- [Material for this task]:
------------------------------------------------

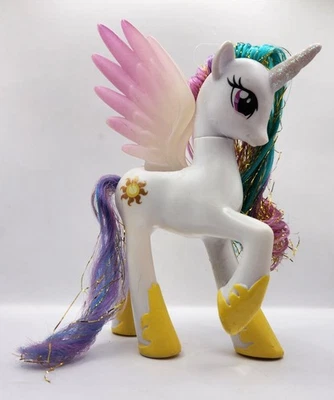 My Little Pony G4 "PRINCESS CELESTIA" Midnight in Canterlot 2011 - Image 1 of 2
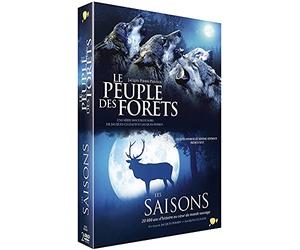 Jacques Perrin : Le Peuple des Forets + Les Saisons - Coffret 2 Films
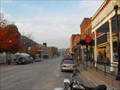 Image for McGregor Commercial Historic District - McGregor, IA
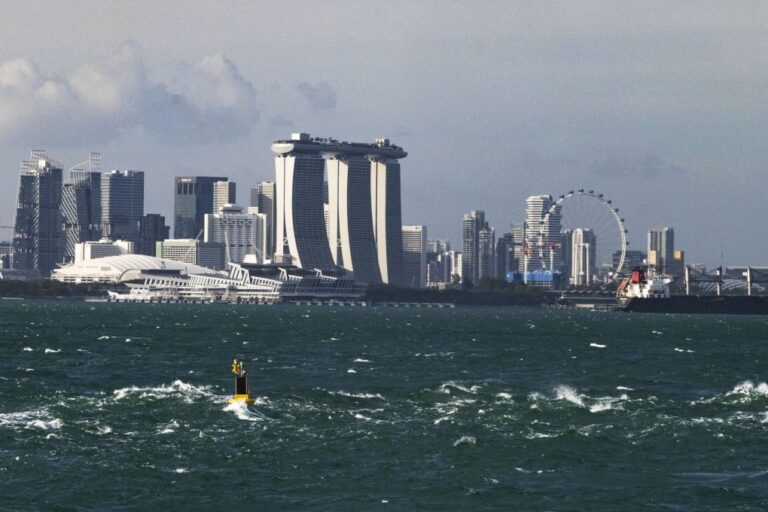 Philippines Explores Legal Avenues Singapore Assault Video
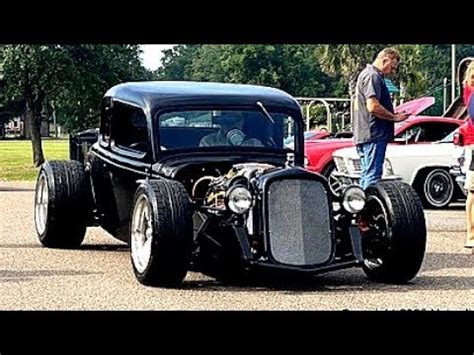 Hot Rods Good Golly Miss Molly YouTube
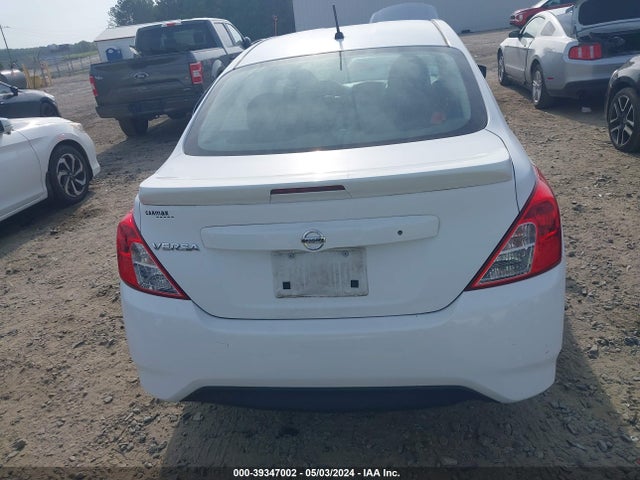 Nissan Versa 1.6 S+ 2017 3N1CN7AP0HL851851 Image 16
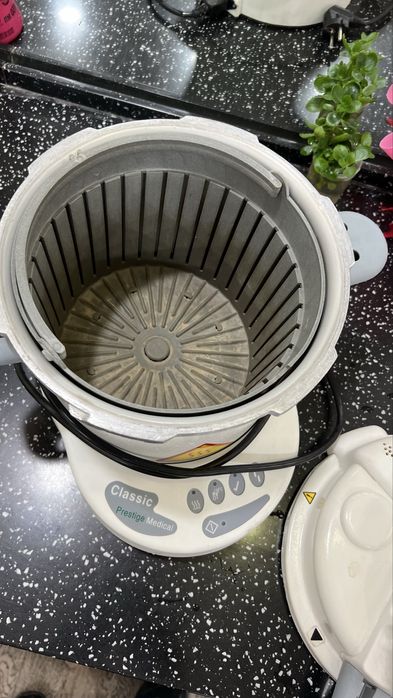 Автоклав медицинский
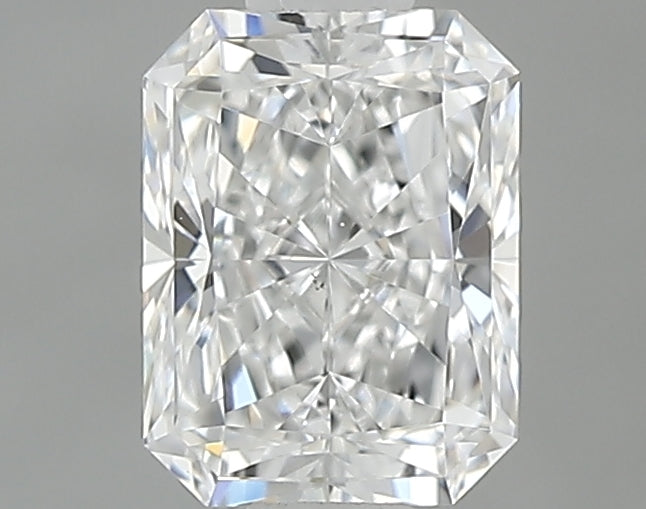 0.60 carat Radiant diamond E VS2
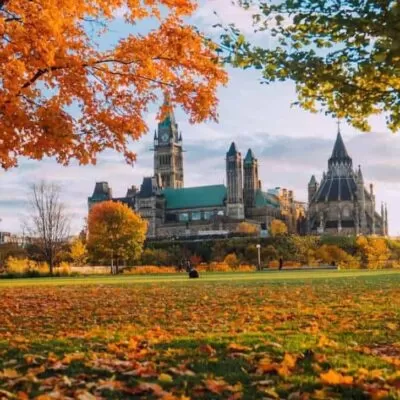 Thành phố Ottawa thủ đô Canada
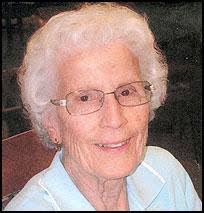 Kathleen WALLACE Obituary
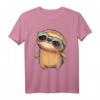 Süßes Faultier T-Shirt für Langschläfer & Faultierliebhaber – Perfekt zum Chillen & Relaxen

------------------------------------------------

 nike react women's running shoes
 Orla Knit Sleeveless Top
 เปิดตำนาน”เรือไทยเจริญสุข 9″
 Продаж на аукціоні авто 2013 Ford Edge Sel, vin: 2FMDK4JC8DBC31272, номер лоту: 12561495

------------------------------------------------

- [Task details]: Reproduce the data above exactly, but only from the line containing "My Little Pony" through the line containing "Süßes Faultier T-Shirt"; skip the pictures.

- [Task response]:
 My Little Pony G4 "PRINCESS CELESTIA" Midnight in Canterlot 2011 - Image 1 of 2
 Jacques Perrin : Le Peuple des Forets + Les Saisons - Coffret 2 Films
 Image for McGregor Commercial Historic District - McGregor, IA
 Philippines Explores Legal Avenues Singapore Assault Video
 Hot Rods Good Golly Miss Molly YouTube
 Nissan Versa 1.6 S+ 2017 3N1CN7AP0HL851851 Image 16
 Автоклав медицинский
 0.60 carat Radiant diamond E VS2
 Thành phố Ottawa thủ đô Canada
 Kathleen WALLACE Obituary
 Süßes Faultier T-Shirt für Langschläfer & Faultierliebhaber – Perfekt zum Chillen & Relaxen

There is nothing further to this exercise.